What is Aggregated Accounts?
Aggregated accounts are financial statement lines that combine multiple similar items into a single presented figure for clarity and brevity, with the underlying detail disclosed in supporting notes or schedules. Aggregation balances usability of the primary statements against the need for detailed transparency about composition.
How It Works
- Group similar items (e.g., individual receivables, fixed asset classes) into one line.
- Disclose the breakdown in the notes, including movements, classes, and significant components.
- Apply materiality: separately present material items, aggregate immaterial ones.
- Maintain consistency across periods to enable comparison.
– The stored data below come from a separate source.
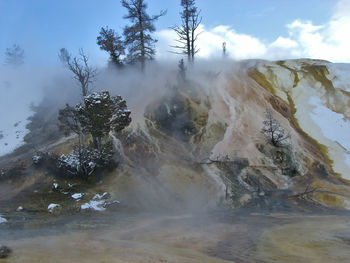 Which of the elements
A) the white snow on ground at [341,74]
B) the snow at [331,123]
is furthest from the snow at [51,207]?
the white snow on ground at [341,74]

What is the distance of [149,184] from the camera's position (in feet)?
55.3

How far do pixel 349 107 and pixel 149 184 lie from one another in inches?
863

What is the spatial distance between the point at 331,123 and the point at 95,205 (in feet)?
70.3

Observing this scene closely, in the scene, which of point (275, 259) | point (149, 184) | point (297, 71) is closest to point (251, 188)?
point (149, 184)

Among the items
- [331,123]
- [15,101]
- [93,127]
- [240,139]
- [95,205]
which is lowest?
[95,205]

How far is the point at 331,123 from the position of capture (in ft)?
85.7

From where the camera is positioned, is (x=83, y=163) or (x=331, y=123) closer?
(x=83, y=163)

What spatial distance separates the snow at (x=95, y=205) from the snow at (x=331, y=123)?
685 inches

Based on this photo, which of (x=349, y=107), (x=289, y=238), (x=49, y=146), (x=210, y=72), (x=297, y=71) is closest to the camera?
(x=289, y=238)

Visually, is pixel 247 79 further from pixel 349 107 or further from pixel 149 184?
pixel 149 184

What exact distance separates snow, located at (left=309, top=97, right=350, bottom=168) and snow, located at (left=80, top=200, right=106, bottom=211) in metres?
17.4

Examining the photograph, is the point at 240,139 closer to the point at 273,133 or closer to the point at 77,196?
the point at 273,133

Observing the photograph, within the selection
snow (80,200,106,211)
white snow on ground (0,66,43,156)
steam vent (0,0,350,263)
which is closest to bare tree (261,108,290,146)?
steam vent (0,0,350,263)

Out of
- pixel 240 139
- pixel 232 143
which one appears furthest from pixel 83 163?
pixel 240 139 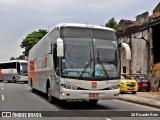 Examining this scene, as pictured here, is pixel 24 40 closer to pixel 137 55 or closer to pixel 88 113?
pixel 137 55

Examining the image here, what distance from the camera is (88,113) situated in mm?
12703

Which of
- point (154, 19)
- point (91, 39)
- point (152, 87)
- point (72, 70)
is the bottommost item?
point (152, 87)

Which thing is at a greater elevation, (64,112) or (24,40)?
(24,40)

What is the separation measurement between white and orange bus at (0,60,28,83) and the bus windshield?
97.7 feet

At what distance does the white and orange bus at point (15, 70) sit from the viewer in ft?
142

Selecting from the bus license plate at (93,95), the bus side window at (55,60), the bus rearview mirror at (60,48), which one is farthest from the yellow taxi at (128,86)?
the bus rearview mirror at (60,48)

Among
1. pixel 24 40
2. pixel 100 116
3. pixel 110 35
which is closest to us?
pixel 100 116

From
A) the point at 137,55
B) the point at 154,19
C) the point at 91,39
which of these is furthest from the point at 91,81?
the point at 137,55

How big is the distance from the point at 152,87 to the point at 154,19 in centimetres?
742

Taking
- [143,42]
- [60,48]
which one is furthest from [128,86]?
[60,48]

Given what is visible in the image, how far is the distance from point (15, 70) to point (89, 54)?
31.9 metres

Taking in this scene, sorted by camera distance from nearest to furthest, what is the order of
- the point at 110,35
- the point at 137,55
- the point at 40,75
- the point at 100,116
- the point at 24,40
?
the point at 100,116
the point at 110,35
the point at 40,75
the point at 137,55
the point at 24,40

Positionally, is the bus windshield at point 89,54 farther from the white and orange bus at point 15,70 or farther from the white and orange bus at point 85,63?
the white and orange bus at point 15,70

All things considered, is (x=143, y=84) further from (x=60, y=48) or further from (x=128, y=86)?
(x=60, y=48) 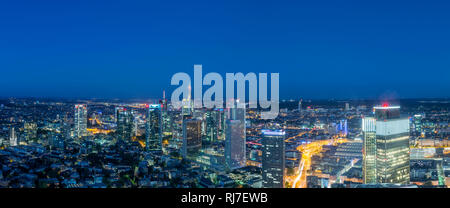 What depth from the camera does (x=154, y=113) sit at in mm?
14656

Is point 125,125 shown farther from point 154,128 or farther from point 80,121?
point 80,121

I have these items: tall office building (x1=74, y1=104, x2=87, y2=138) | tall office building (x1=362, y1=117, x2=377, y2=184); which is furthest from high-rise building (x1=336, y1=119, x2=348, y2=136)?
tall office building (x1=74, y1=104, x2=87, y2=138)

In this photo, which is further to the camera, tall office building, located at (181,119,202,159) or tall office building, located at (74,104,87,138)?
tall office building, located at (74,104,87,138)

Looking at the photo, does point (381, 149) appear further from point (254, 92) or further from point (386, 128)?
point (254, 92)

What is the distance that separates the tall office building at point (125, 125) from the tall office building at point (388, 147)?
415 inches

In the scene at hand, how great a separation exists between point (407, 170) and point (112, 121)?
14.4m

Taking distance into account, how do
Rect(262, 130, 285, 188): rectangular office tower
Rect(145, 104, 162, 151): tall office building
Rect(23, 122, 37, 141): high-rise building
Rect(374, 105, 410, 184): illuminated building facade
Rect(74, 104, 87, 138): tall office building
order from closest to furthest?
1. Rect(374, 105, 410, 184): illuminated building facade
2. Rect(262, 130, 285, 188): rectangular office tower
3. Rect(145, 104, 162, 151): tall office building
4. Rect(23, 122, 37, 141): high-rise building
5. Rect(74, 104, 87, 138): tall office building

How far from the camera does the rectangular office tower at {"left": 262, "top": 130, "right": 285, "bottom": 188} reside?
8478 mm

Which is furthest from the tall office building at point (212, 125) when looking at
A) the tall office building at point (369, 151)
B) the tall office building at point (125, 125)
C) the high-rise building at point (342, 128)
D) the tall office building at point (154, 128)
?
the tall office building at point (369, 151)

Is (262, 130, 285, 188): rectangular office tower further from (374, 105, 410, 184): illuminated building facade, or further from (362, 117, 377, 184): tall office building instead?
(374, 105, 410, 184): illuminated building facade

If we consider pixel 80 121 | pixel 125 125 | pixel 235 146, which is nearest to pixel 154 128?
pixel 125 125

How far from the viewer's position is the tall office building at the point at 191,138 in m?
12.5

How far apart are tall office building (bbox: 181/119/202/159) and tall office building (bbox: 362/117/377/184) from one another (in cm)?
605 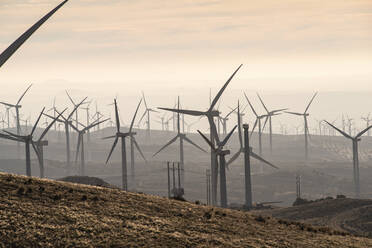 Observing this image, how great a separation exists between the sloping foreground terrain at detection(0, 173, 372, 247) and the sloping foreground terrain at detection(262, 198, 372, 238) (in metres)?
40.1

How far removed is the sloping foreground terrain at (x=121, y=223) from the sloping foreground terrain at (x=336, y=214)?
40.1m

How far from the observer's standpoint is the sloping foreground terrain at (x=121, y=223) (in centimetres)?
5934

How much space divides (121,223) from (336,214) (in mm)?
77707

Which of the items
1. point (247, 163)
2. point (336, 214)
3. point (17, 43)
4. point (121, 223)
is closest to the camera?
point (121, 223)

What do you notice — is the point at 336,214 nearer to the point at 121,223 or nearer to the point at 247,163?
the point at 247,163

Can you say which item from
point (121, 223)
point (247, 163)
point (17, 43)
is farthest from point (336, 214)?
point (121, 223)

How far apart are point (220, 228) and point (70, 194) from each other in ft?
49.9

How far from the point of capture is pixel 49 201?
69.4 metres

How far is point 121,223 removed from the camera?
2547 inches

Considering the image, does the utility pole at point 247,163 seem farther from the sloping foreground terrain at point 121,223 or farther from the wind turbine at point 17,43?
the wind turbine at point 17,43

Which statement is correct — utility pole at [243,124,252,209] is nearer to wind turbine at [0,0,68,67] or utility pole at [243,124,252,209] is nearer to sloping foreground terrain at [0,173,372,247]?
sloping foreground terrain at [0,173,372,247]

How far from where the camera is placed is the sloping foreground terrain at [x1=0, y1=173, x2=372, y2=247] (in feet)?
195

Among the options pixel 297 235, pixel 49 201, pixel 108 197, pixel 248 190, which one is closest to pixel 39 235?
pixel 49 201

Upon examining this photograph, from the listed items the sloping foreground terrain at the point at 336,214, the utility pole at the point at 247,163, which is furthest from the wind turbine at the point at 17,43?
the utility pole at the point at 247,163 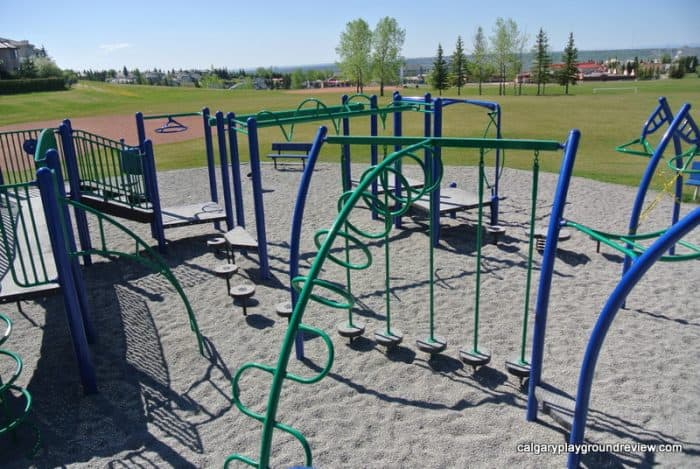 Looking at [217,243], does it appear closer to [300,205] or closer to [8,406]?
[300,205]

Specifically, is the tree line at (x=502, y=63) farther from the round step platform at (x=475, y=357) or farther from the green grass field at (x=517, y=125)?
the round step platform at (x=475, y=357)

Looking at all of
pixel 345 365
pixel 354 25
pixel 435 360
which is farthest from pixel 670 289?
pixel 354 25

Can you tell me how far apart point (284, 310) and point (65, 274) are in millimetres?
2285

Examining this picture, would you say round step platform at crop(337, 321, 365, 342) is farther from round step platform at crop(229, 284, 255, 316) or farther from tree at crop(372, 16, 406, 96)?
tree at crop(372, 16, 406, 96)

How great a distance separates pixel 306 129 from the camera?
88.8ft

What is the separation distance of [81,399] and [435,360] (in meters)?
3.29

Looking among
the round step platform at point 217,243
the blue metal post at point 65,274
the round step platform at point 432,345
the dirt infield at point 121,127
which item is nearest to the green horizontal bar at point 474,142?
the round step platform at point 432,345

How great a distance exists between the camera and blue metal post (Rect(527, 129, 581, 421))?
376 centimetres

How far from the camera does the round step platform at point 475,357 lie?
488cm

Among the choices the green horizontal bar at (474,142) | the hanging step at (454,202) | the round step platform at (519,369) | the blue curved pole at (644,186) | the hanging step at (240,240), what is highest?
the green horizontal bar at (474,142)

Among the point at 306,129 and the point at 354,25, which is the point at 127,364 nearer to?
the point at 306,129

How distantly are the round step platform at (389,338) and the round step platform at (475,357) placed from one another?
666 mm

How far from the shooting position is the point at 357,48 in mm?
61500

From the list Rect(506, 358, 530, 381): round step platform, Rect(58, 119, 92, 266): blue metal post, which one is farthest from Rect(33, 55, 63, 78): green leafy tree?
Rect(506, 358, 530, 381): round step platform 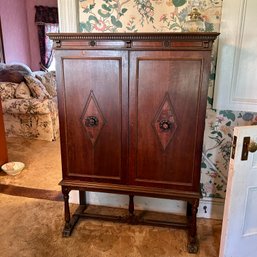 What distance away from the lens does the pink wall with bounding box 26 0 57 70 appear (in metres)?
5.98

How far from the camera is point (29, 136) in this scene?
400cm

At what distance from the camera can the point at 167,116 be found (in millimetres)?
1594

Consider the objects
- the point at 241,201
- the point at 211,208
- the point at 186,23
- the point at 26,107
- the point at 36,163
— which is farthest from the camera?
the point at 26,107

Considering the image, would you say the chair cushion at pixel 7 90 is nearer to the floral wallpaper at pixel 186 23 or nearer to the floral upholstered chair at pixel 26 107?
the floral upholstered chair at pixel 26 107

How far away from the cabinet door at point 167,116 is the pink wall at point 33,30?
211 inches

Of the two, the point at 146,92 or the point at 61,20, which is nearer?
the point at 146,92

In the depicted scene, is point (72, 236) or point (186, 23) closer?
point (186, 23)

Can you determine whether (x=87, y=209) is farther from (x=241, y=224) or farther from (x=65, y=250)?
(x=241, y=224)

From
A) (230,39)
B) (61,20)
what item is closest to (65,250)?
(61,20)

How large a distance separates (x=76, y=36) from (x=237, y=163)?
1.15 m

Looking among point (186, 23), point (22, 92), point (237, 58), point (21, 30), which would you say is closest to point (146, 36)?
point (186, 23)

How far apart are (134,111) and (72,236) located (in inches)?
42.4

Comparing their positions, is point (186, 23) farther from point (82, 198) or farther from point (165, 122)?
point (82, 198)

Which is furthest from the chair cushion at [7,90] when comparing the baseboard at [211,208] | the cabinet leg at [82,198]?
the baseboard at [211,208] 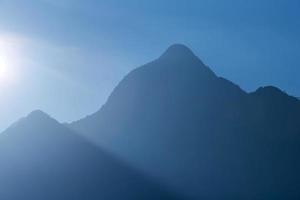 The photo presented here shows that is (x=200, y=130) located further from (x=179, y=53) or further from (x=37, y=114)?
(x=37, y=114)

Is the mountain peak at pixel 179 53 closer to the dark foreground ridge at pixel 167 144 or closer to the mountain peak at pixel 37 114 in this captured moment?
the dark foreground ridge at pixel 167 144

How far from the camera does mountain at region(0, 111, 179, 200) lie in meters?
148

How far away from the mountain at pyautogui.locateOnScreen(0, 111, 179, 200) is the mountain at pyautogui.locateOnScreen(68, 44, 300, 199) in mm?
7833

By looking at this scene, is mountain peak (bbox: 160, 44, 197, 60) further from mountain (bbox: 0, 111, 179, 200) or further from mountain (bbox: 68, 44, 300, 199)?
mountain (bbox: 0, 111, 179, 200)

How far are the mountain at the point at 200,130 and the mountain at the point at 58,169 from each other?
308 inches

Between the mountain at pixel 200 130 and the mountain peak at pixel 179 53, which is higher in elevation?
the mountain peak at pixel 179 53

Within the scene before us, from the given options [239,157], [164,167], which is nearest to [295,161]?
[239,157]

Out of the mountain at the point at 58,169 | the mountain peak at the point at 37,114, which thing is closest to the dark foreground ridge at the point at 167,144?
the mountain at the point at 58,169

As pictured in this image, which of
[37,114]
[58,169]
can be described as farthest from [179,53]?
[58,169]

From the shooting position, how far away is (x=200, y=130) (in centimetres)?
18038

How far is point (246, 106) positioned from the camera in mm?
182375

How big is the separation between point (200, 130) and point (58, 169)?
43.1 metres

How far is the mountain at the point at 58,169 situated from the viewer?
148 meters

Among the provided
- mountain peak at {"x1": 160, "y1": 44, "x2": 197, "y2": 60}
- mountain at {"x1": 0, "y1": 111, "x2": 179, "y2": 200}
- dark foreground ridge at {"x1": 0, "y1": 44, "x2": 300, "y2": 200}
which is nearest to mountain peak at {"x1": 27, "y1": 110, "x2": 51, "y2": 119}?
mountain at {"x1": 0, "y1": 111, "x2": 179, "y2": 200} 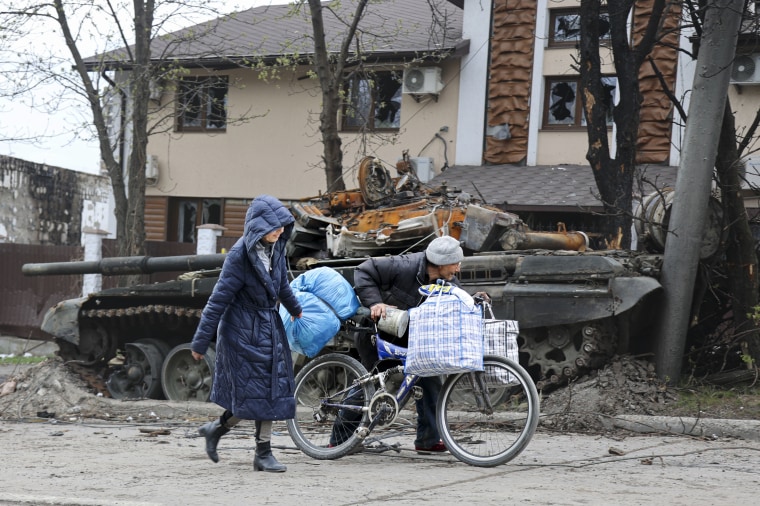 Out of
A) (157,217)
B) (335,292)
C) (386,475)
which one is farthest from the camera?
(157,217)

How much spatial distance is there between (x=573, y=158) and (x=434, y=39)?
11.3 ft

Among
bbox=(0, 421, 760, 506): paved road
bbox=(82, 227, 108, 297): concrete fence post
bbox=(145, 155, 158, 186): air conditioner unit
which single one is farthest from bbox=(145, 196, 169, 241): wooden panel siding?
bbox=(0, 421, 760, 506): paved road

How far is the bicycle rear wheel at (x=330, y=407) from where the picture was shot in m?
7.82

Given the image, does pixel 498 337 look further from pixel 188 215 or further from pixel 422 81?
pixel 188 215

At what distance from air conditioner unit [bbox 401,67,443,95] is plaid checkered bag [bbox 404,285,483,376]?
15.9m

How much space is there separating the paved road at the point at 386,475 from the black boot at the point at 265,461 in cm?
9

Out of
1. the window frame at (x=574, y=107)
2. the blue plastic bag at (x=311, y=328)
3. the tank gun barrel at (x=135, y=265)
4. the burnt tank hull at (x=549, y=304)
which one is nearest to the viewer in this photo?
the blue plastic bag at (x=311, y=328)

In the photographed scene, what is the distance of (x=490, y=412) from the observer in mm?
7566

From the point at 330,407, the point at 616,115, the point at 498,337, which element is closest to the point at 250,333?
the point at 330,407

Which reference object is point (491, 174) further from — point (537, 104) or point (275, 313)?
point (275, 313)

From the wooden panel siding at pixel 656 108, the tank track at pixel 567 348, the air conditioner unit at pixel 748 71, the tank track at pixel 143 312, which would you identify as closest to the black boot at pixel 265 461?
the tank track at pixel 567 348

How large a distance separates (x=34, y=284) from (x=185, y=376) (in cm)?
1106

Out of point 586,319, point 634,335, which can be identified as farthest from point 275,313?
point 634,335

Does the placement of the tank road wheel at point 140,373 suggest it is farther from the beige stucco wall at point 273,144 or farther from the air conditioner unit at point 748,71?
the air conditioner unit at point 748,71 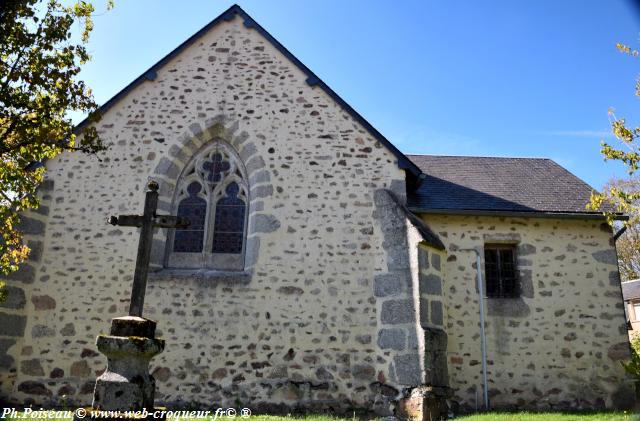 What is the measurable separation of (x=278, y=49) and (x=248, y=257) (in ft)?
13.7

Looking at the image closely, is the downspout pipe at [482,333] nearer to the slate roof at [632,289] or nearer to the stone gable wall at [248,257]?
the stone gable wall at [248,257]

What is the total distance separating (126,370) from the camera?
459 cm

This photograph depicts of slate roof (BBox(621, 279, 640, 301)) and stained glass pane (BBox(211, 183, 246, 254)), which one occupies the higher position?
slate roof (BBox(621, 279, 640, 301))

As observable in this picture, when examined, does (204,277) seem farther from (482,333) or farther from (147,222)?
(482,333)

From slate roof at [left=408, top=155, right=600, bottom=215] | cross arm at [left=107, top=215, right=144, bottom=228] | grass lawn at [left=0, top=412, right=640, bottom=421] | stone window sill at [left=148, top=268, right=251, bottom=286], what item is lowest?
grass lawn at [left=0, top=412, right=640, bottom=421]

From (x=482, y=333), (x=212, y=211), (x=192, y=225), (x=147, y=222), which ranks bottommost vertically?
(x=482, y=333)

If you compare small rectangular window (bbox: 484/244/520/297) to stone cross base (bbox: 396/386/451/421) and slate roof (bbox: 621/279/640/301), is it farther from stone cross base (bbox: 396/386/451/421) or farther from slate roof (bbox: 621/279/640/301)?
slate roof (bbox: 621/279/640/301)

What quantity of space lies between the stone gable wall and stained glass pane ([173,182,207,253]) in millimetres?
274

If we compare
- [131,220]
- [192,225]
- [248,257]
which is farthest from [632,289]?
[131,220]

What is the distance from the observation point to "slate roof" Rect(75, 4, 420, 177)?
29.6 feet

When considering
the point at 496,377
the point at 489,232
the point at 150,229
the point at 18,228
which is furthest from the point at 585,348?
the point at 18,228

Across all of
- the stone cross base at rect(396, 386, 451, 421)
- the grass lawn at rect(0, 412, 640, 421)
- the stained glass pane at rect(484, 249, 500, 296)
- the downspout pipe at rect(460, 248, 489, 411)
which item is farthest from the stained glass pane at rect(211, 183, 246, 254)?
the stained glass pane at rect(484, 249, 500, 296)

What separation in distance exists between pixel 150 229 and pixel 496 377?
6284 millimetres

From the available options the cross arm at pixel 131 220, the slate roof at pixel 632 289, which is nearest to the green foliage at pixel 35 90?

- Provide both current and comparative period detail in the notes.
Saudi Context
Saudi listed companies present aggregated lines such as Property, Plant and Equipment (PP&E), Trade and Other Receivables, and Trade and Other Payables, with detailed sub-component disclosure in the notes. SOCPA-aligned IFRS 1.55 governs the level of aggregation. The CMA may push for additional disaggregation where it believes investor understanding is impaired.
Example
A company’s balance sheet shows Trade and Other Receivables of SAR 18 million. Note 12 breaks this down: trade receivables SAR 15.0m, VAT receivable SAR 1.5m, prepayments SAR 1.0m, employee advances SAR 0.3m, other SAR 0.2m, with movement detail and impairment allowance.